La Defensoría podrá intermediar o servir de facilitador entre los niños y los órganos del Estado

15 Diciembre 2017   2   Editorial   Gustavo Alvarado

Por estos días el año escolar está llegando a su fin y, al hacer un balance, resulta de gran relevancia constatar el avance del reconocimiento y respeto de los derechos de la infancia, materia que marcha a paso lento, pero con fortaleza.

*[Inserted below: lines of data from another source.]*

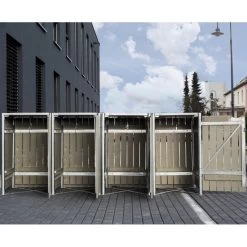 Cache-poubelle 4 Compartiments Müllbox En Bois Traité Gris 4x140L – HIDE -Abri De Jardin cache poubelle 4 compartiments mullbox en bois traite gris 4x140l hide 2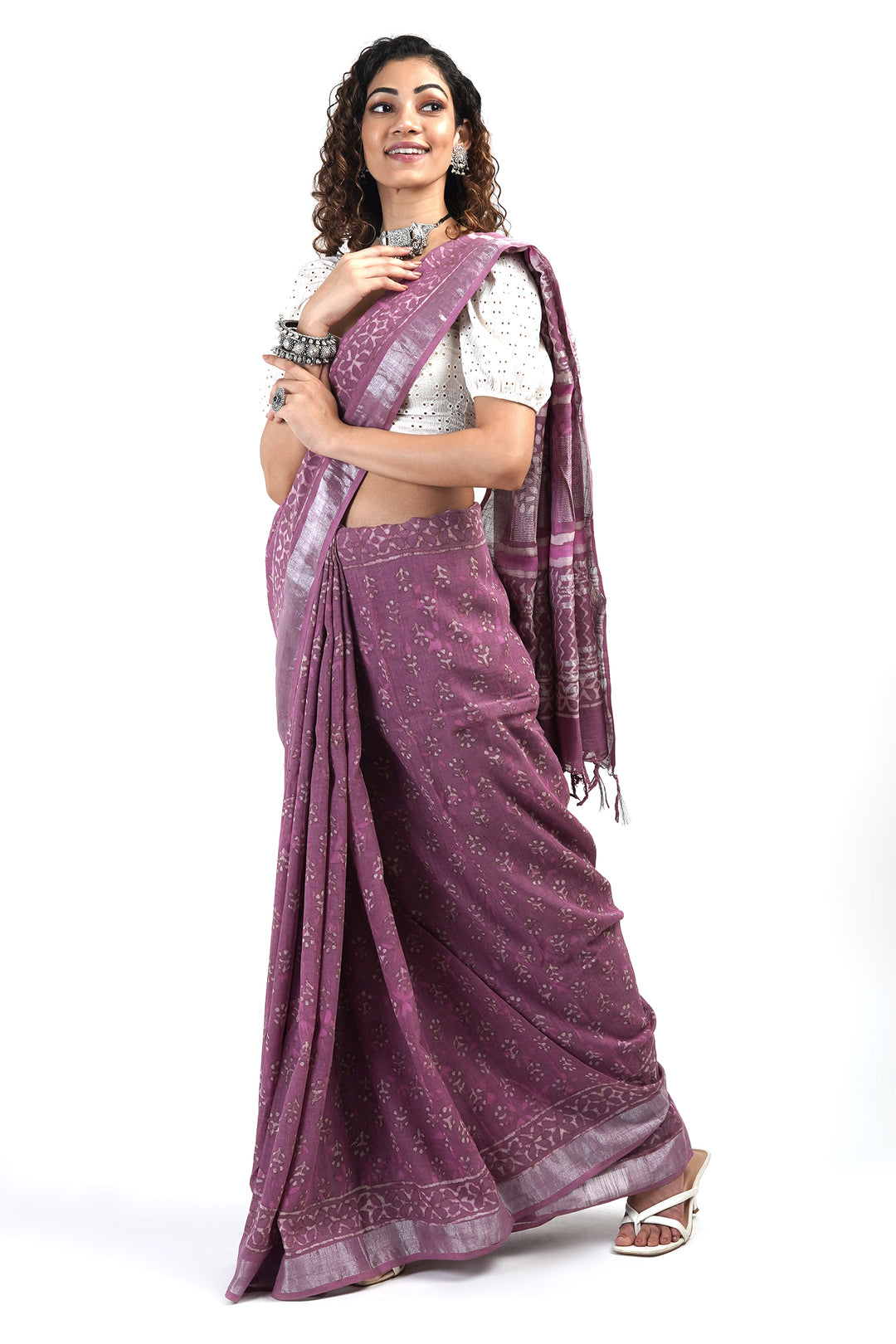 Teejh Tint of Tulip Block Print Linen Cotton Saree With Blouse Piece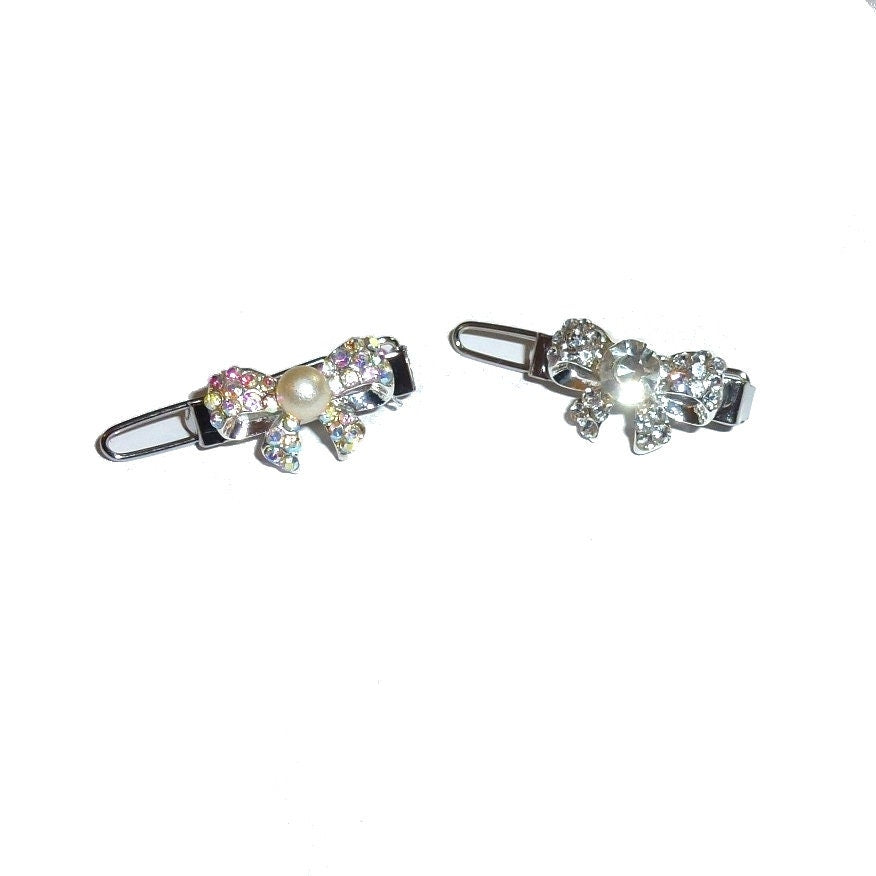 Puppy Dog Bows ~ Tiny crystal or pearl bowknot plastic puppy clips pet hair bow barrettes or bands (fb207W)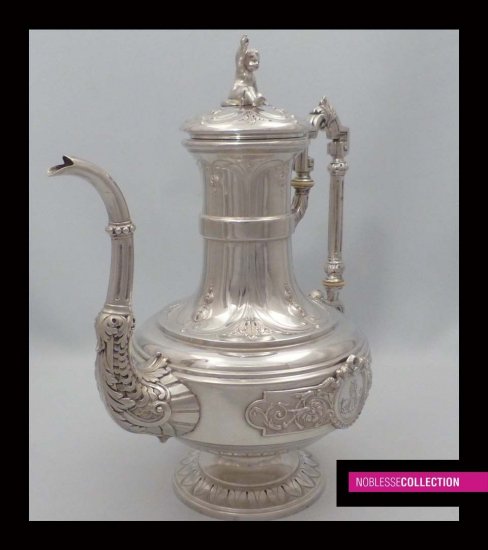 スターリングシルバー　コーヒーポット　ケルビム　1880年代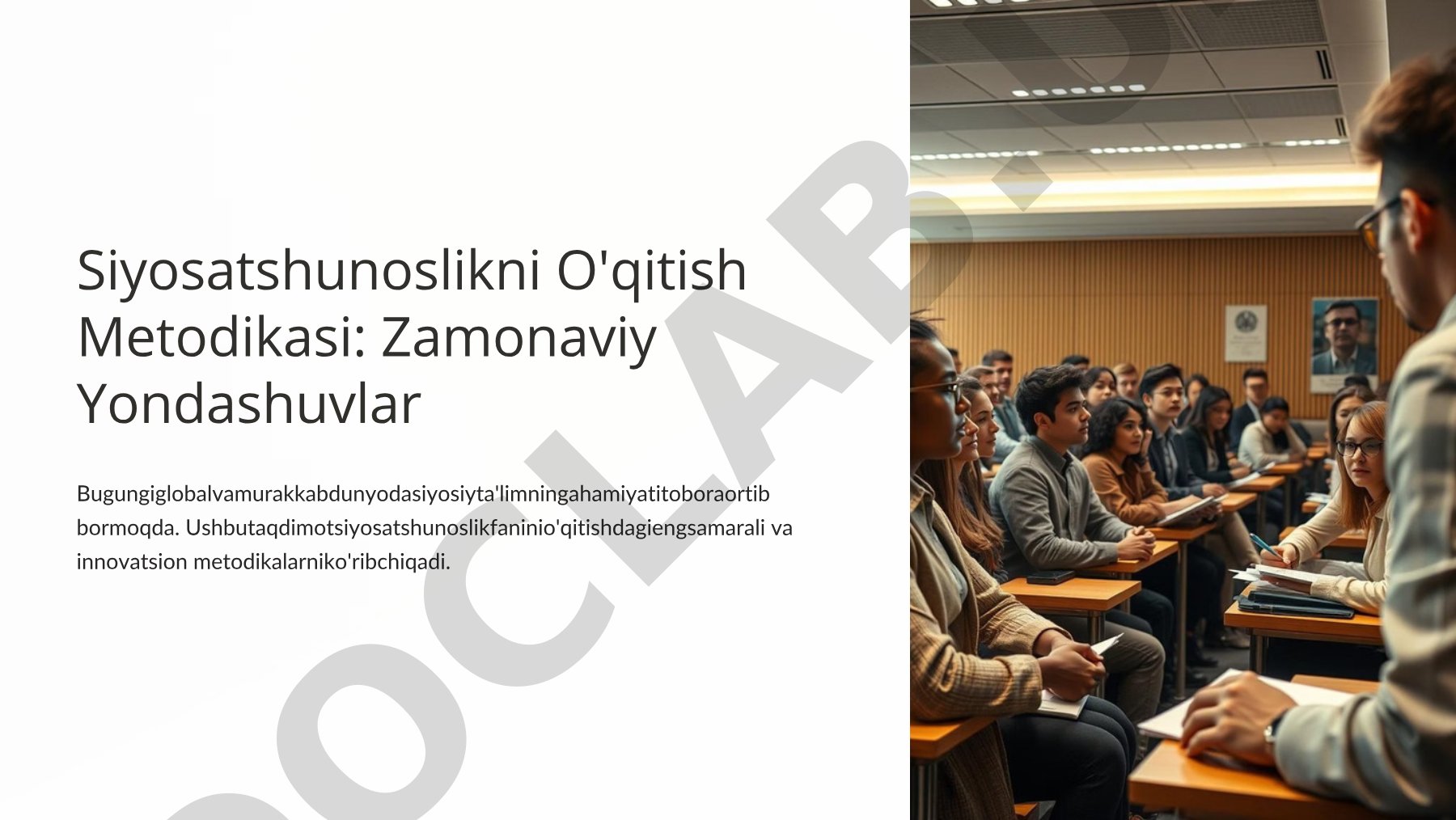 Siyosatshunoslikni O'qitish Metodikasi: Zamonaviy Yondashuvlar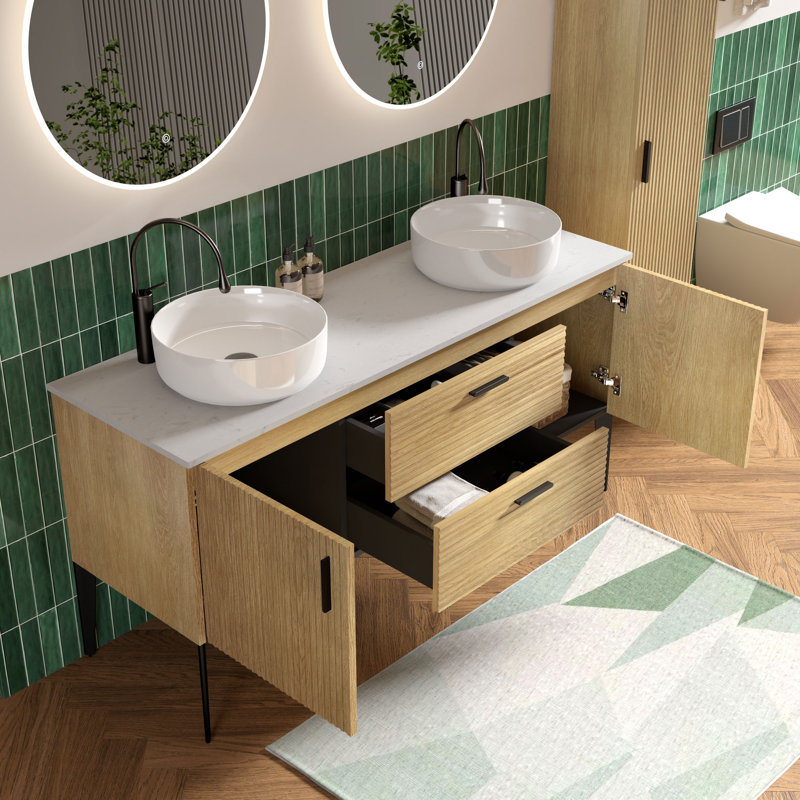 Meuble-lavabo double 60 po avec plateau en pierre reconstituée et vasques en céramique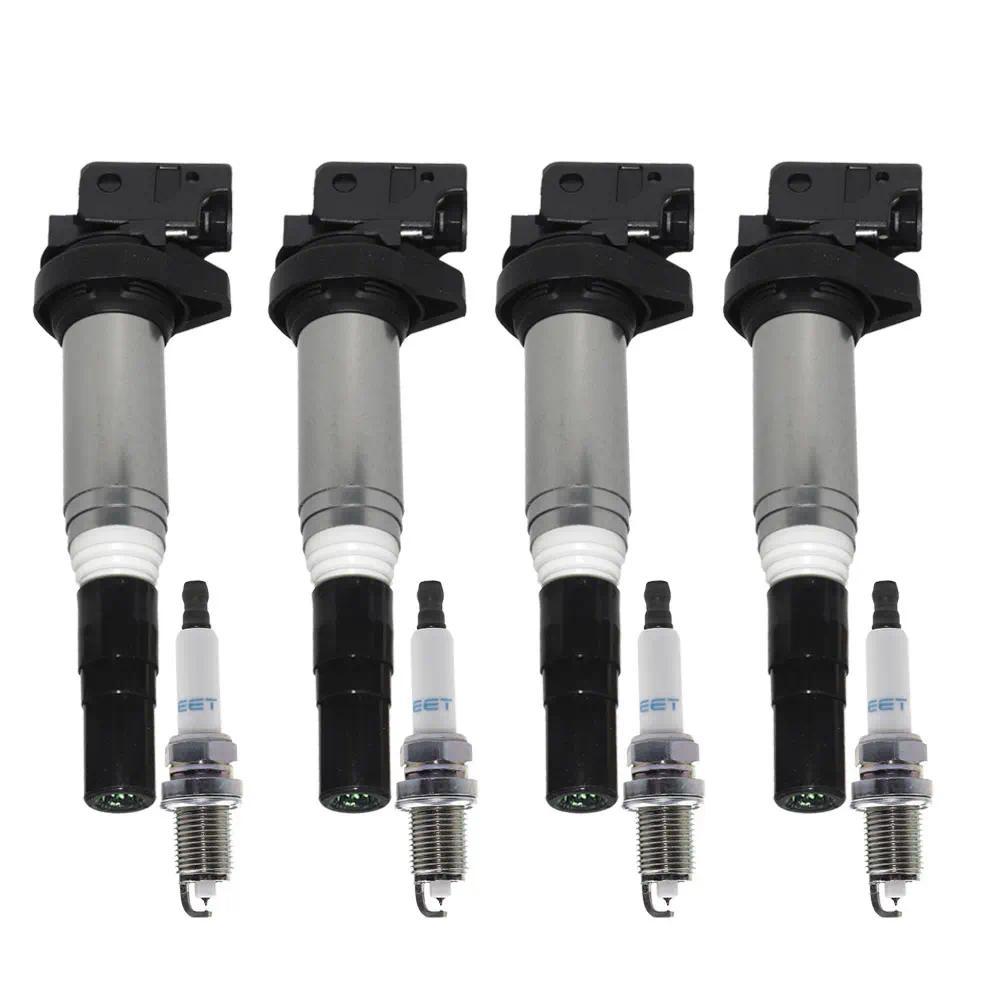4pcs คอยล์จุดระเบิดสําหรับ BMW E90 E91 E87 E88 E92 E60 E84 E81 320i 318i 120i 118i 520i X1 X3 2.0L 2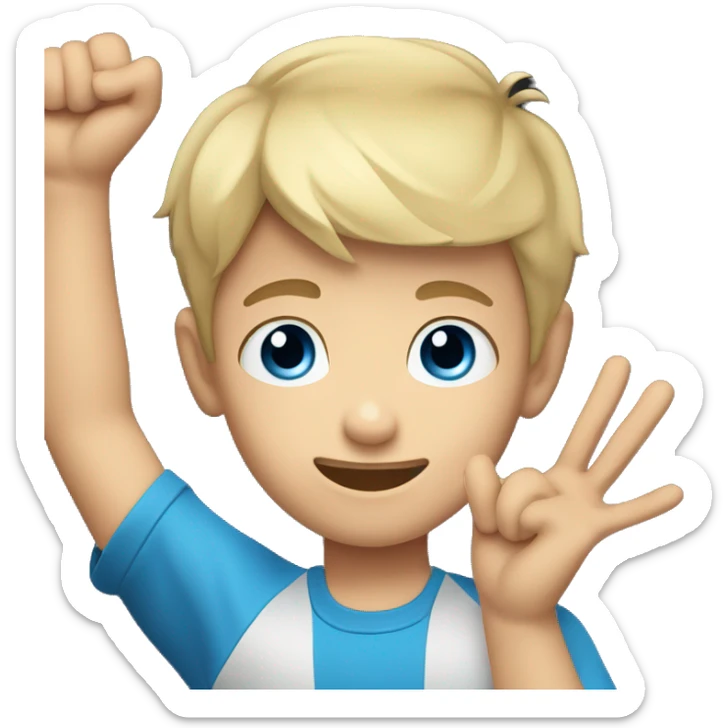 Young Caucasian boy with short black hair and blue eyes raising his hand against a black background sticker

Sin duda, paso importante es la aprobación del proyecto de ley que crea un Defensor de los Derechos de la Niñez, donde se define el rango de acción del organismo, la forma de nombrar al defensor y las hipótesis sobre las cuales se encuentra habilitado para poder interponer acciones y querellas.
De esta forma, el texto indica que la Defensoría podrá intermediar o servir de facilitador entre los niños y los órganos de la Administración del Estado o aquellas personas jurídicas que tengan por objeto la promoción o protección de derechos de los niños, cuando haya tomado conocimiento, de oficio o a petición de parte, de actos u omisiones que pudieren vulnerar tales derechos. El Defensor deberá velar por el establecimiento de instancias y procedimientos de comunicación, conciliación y mediación, expeditos y efectivos, de conformidad a la ley.
También podrá requerir antecedentes o informes a los órganos de la Administración del Estado o aquellas personas jurídicas que tengan por objeto la promoción o protección de los derechos de los niños, cuando, dentro del ámbito de sus competencias, tome conocimiento, de oficio o a petición de parte, de posibles vulneraciones a tales derechos por actos u omisiones de las entidades.
Asimismo, tendrá facultad para visitar los centros de privación de libertad, centros residenciales de protección o cualquier otra institución, incluyendo medios de transporte en que un niño permanezca privado de libertad, reciban o no recursos del Estado, sin perjuicio de las facultades de los demás organismos públicos competentes en la materia. Una vez realizada la visita, deberá evacuar un informe que deberá contener, a lo menos, la descripción de la situación general observada, el registro de las eventuales vulneraciones de derechos y las recomendaciones a los órganos competentes, sin perjuicio de denunciar los hechos que constituyan delito.
Además, deberá denunciar vulneraciones a los derechos de los niños ante los órganos competentes, remitiendo los antecedentes que funden dicha denuncia; además de observar y hacer seguimiento del actuar de los órganos de la Administración del Estado a personas jurídicas que tengan por objeto la promoción o protección de derechos de los niños y a organizaciones que puedan afectar con sus acciones tales derechos, de acuerdo a un plan que se elabore para estos efectos.